La LRTV actuelle ne fournit qu'une protection limitée contre les monopoles de médias ; ainsi, les concessions radio et télévision ne sont attribuées que lorsque le requérant ne met pas en péril la diversité des opinions et de l'offre (art. 11 al. 1er let. g LRTV). La révision de la loi prévoit cependant d'aménager les instruments en matière de concurrence nécessaires à la protection de la libre formation de l'opinion, ce qui permettra d'agir sur les bénéficiaires d'une concession dont la position sur le marché et l'interdépendance avec les médias menacent de compromettre cette libre formation de l'opinion. De plus, dans le cadre des travaux préparatoires de la révision, on devra également prendre en considération les activités relevant notamment du domaine de la presse écrite et des médias "on-line".

2. Aujourd'hui, les diffuseurs locaux et régionaux de programmes de radio et de télévision établis dans des régions ne disposant pas des moyens financiers suffisants sont subventionnés par le biais du produit des redevances, conformément au principe de la LRTV (art. 17 al. 2 et 3, LRTV). Quant à savoir dans quelle mesure les diffuseurs locaux continueront à recevoir un soutien financier sous forme de subventions, la question devra être discutée dans le cadre de la révision de la LRTV. Le Conseil fédéral est de l'avis que les contributions financières ne doivent être attribuées que dans des cas exceptionnels, pour compenser des inconvénients géographiques.

Des mesures telles que la taxe sur les bénéfices publicitaires de divers produits médiatiques, demandée dans la motion, constitueraient un impôt d'affectation et nécessiteraient une base légale claire et conforme à la constitution, donnant à la Confédération les compétences législatives adéquates.

3. Le Conseil fédéral comprend très bien le besoin d'assurer la qualité des contenus médiatiques en matière de programmation et de production. Pour la radio et la télévision, la Confédération tente aujourd'hui déjà d'encourager la qualité en soutenant de façon ciblée la formation et le perfectionnement des professionnels des médias (cf. art. 50 al. 1er LRTV). Cette mesure est certes destinée en premier lieu à la formation des professionnels des médias de la radio et de la télévision, mais les journalistes de la presse écrite peuvent également profiter des cours mixtes tels que ceux du Mediensausbildungszentrum ou du Centre romand de formation des journalistes. Il est prévu de développer cette exigence de qualité dans la LRTV révisée, notamment concernant les prestations de service public.

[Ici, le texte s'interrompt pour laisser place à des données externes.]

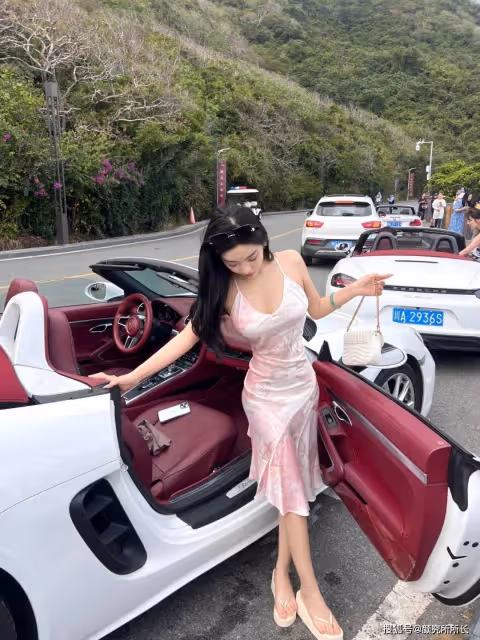 36D白富美尤物時尚穿搭:粉色弔帶長裙 優雅又迷人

Dans le rapport du 14 avril 1999 sur l'examen des subventions fédérales, 2e partie, le Conseil fédéral reconnaît qu'il existe un besoin en matière d'indemnisation du transport des journaux. Il précise que les subventions tous azimuts doivent être remplacées le plus rapidement possible par une solution plus efficace, offrant avec moins de moyens un soutien ciblé à la presse locale et régionale, qui en a cruellement besoin. Les travaux actuels de la CIP concernant la création d'un article constitutionnel relatif à l'encouragement de la presse devraient alors être pris en compte ; les travaux de mise en oeuvre sont d'ailleurs en cours. Les requêtes de l'auteur de la motion qui concernent ce sujet peuvent être examinées dans ce contexte, alors que les autres peuvent être étudiées dans le cadre de l'actuelle révision de la LRTV ou d'autres modifications de lois. Pour ces différentes raisons, le Conseil fédéral est prêt à accepter la motion sous forme de postulat.

Le Conseil fédéral propose de transformer la motion en postulat.